Shreveport angler isn’t ‘stumped’ by huge bass

Steven Thomas of Shreveport caught this 11.91-pound bass at Toledo Bend on Feb. 18, 2026. (Photo courtesy Toledo Bend Lunker Bass Program)

About 2:30 p.m. on Wednesday afternoon, Steven Thomas of Shreveport, looking to fish some wooden cover, pulled into a midlake area of Toledo Bend that he knew held several stumps. In fact, the first time he slung a Texas-rigged Zoom brush hog in there, he hit a stump that he didn’t know was there – at least he thought it was a stump.

He moved his boat a few feet to cast back at the stump from a different angle.

“That first cast hit something that didn’t feel right,” said Thomas, a 76-year-old retiree who has a camp on the huge reservoir. “I went around to the side and threw in there again, and she hit it like a freight train.”

He kept that “freight train” on the tracks, and minutes later, he was rewarded with an 11.91-pound bass – the biggest by almost 3 pounds of his fishing career.

“She clobbered it like she was mad at it,” said Thomas, open to the possibility that his first cast had actually hit the big bass in 4 to 5 feet of water. “I hadn’t had a very good day before that, but it changed real quick.”

Reeling the big bass in

Thomas was fishing a Lew’s combination – Speed Stik rod and Speed Spool reel – with 14-pound Stren his connection to the big fish, so he knew once he saw her that he had to be extra careful, especially with all the stumps around there – and him fishing by himself, with no landing net.

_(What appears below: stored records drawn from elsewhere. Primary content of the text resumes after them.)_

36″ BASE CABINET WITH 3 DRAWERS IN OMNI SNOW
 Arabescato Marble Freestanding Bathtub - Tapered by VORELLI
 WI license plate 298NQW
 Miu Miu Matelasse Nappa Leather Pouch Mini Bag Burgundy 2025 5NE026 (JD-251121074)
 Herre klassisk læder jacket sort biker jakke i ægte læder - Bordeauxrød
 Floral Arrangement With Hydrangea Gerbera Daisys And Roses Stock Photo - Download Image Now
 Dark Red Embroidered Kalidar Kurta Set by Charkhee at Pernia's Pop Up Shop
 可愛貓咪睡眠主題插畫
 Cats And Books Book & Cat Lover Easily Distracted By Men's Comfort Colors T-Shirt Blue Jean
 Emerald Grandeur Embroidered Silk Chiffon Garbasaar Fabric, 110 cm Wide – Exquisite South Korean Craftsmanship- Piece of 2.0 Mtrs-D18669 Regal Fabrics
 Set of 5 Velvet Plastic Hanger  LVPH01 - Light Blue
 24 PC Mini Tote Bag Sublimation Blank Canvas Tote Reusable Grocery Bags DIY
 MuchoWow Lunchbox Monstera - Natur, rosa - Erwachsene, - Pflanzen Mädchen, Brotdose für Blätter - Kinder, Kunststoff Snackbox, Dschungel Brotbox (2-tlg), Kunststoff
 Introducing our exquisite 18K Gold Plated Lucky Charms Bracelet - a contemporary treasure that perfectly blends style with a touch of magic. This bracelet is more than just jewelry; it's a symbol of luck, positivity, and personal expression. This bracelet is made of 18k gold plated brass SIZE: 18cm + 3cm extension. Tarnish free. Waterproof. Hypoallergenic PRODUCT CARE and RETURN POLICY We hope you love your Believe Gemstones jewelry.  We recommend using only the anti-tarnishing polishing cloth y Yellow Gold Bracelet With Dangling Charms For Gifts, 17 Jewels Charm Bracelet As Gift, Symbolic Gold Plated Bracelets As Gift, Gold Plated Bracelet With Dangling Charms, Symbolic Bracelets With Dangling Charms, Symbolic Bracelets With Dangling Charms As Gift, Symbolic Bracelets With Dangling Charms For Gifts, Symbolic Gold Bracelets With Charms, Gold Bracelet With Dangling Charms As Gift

But right away, the fish helped him out.

“She came out of those stumps, then she came up and I saw her for the first time,” he said. “She looked like I could fit my head in her mouth; she had a huge head. I’ve caught some big fish, but nothing like that. She looked like she was as long as my leg.

“I really played her; I didn’t want to lose here. With all those stumps around, I was worried about my line breaking, with only 14-pound test. I knew I had to get her out of there, and she just went all over the place.

“She had me bent over double twice, and I knew I didn’t want her to get any further under the boat, but she swam right out. I got in the seat behind the steering wheel and tried to get her to where I could get my hands on here. I finally got my hand in her mouth, and she made a real hard shake – but I had her good enough to get her in the boat. I looked and she was hooked perfectly, really good.”

A certified weight

Thomas didn’t have a set of portable scales in his boat, but he felt sure he had a double-digit fish on his hands – big enough to qualify for the Toledo Bend Lunker Bass Program and get him a free replica mount.

“I called Living the Dream to make sure they were open, and the guy asked me, ‘You think it’s a 10?’ and I said, ‘I think so; she looks like she’s as long as my leg.”

Thomas sped home to his camp, where he picked up his daughter-in-law, then headed to Living the Dream and got a certified weight on the fish – which was 25 inches long and 20 inches in girth – before it was tagged and he got to see it released and swim away, no worse for wear. The fish was the 29th to qualify for the 2025-26 Toledo Bend Lunker Bass Program.

“I don’t think she looked like she was full of eggs; she was a big, long, healthy fish,” Thomas said. “She was so healthy; She just hit the water and she swam off.”